Times can be tough when a chief executive officer leaves a company, no matter the circumstances — people usually dislike change, and the fear of the unknown abounds. Learning organizations can help navigate potential bumps along the road, as well as assuage stress among employees and the new leader.
In fact, it is during transitional periods that learning takes center stage, said Dr. Kerry Bunker, senior fellow and manager of the Awareness Program for Executive Excellence (APEX) at the Center for Creative Leadership.
“This kind of transition provokes a tremendous amount of learning, both for individuals, including the CEO, but for the people in the organization, as well,” Bunker said. “Learning becomes dominant on the agenda.”

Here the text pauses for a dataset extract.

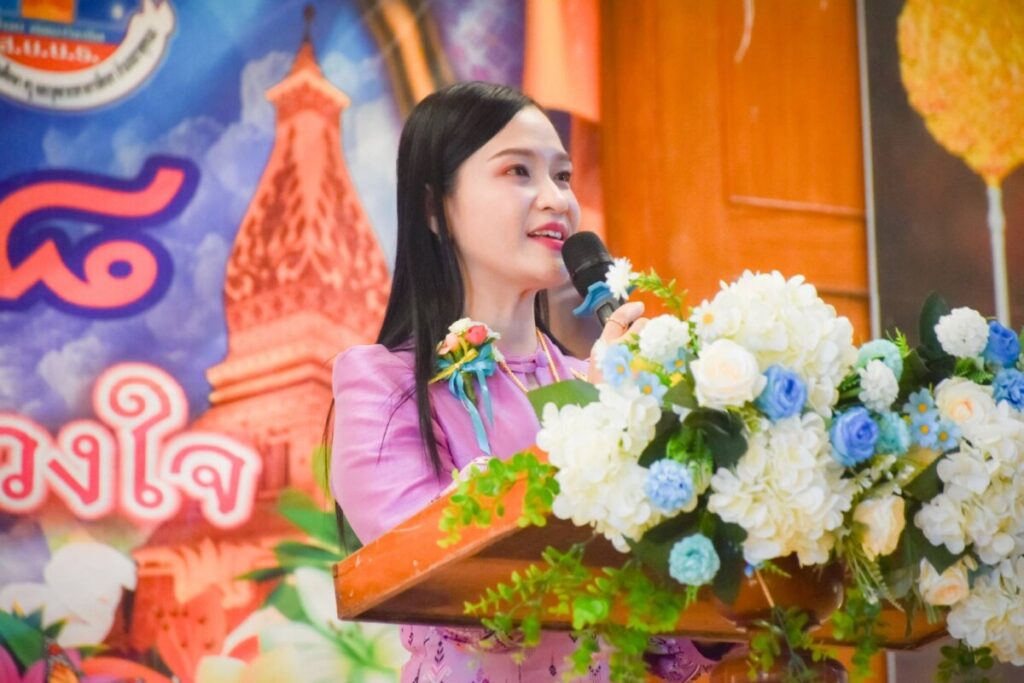 สพป.นครพนม เขต 1 ร่วมงานมุทิตาจิตผู้บริหาร ครู และบุคลากรทางการศึกษา อำเภอธาตุพนม 2 258295 0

Additionally, new CEOs tend to be some of the biggest recipients of learning, and they should be one of its most vocal, enthusiastic proponents, said Michael Wakefield, Center for Creative Leadership senior enterprise associate and manager of trainer development. In doing so, the new CEO can build credibility, thereby alleviating some of employees’ worries and encouraging them to engage in learning.
“With the advent of a new CEO coming, you have a spectacular opportunity to model what they’re looking for,” Wakefield said. “It requires a little bit of humility or vulnerability to let go of the ‘I’m CEO — I must know all things, and my people should never see me in anything less than an expert’ and reframe that to, ‘Look, everybody has to be learning with transitions all along.’ To the degree they can model that, it’s an extraordinary boost to the learning professionals to promote their work and have it trickle down in the organization with a little more validity.”
It’s not always easy, Bunker said, but the extra effort and willingness to squirm every once in a while often produces the highest payback.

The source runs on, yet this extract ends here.